# [Problem details]
Transcribe the entries below word for word, beginning at the line with "Crepe Knit Tie" and stopping after the line with "Lit de rangement"; drop all pictures.

# [Data for review]
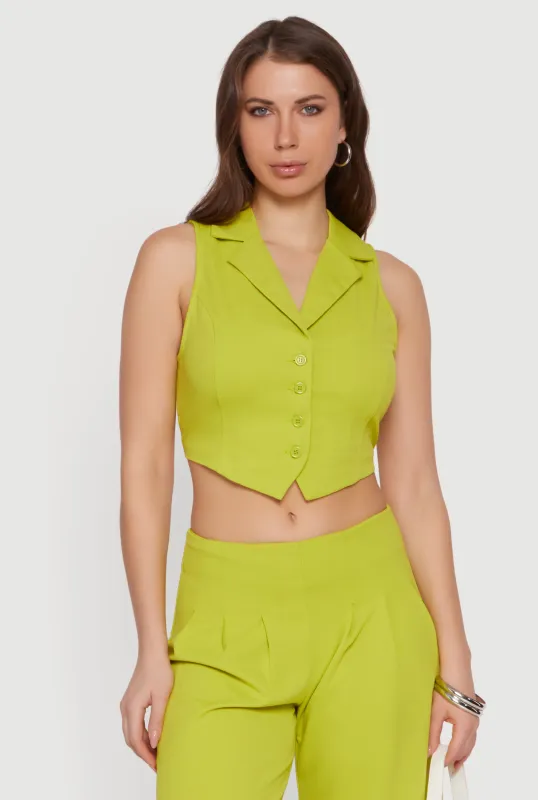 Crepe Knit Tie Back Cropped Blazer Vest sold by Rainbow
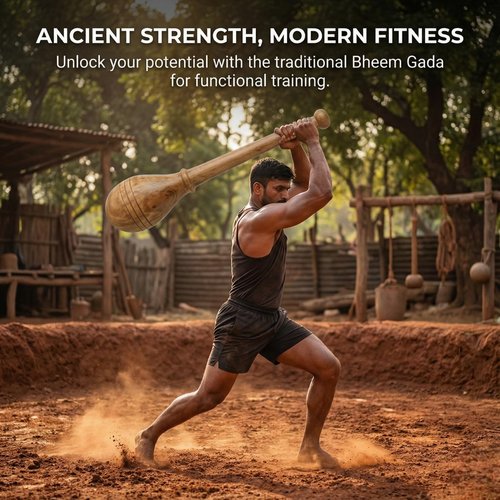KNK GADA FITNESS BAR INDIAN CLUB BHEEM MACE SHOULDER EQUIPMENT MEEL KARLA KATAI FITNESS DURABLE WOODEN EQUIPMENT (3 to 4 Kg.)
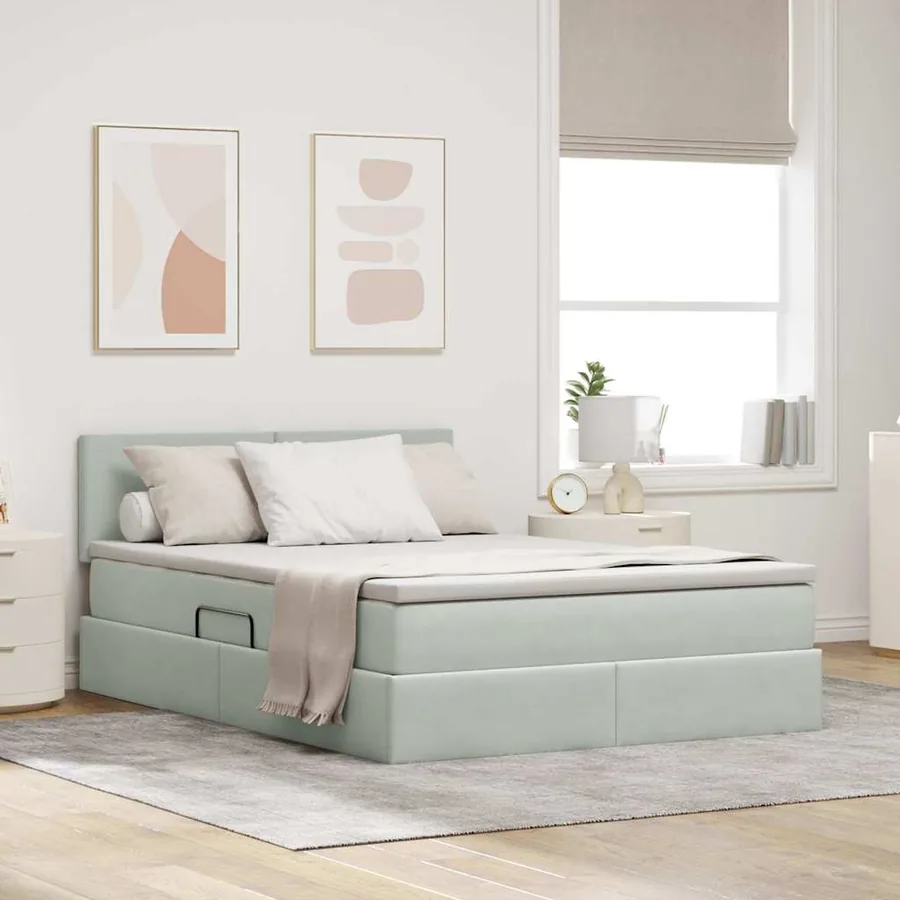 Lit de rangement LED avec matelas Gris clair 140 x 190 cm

==

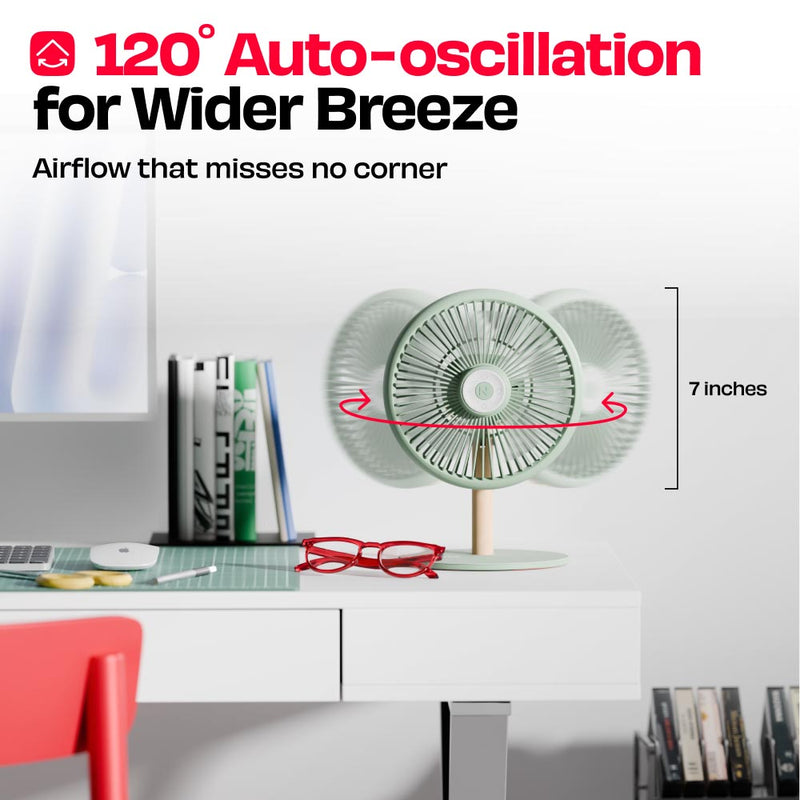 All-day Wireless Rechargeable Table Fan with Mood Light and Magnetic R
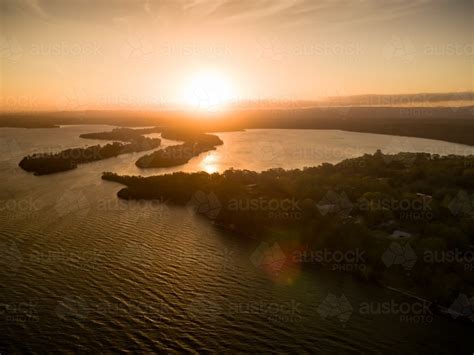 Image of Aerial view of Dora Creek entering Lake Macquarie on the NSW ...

# [Exercise solution]
 Crepe Knit Tie Back Cropped Blazer Vest sold by Rainbow
KNK GADA FITNESS BAR INDIAN CLUB BHEEM MACE SHOULDER EQUIPMENT MEEL KARLA KATAI FITNESS DURABLE WOODEN EQUIPMENT (3 to 4 Kg.)
 Lit de rangement LED avec matelas Gris clair 140 x 190 cm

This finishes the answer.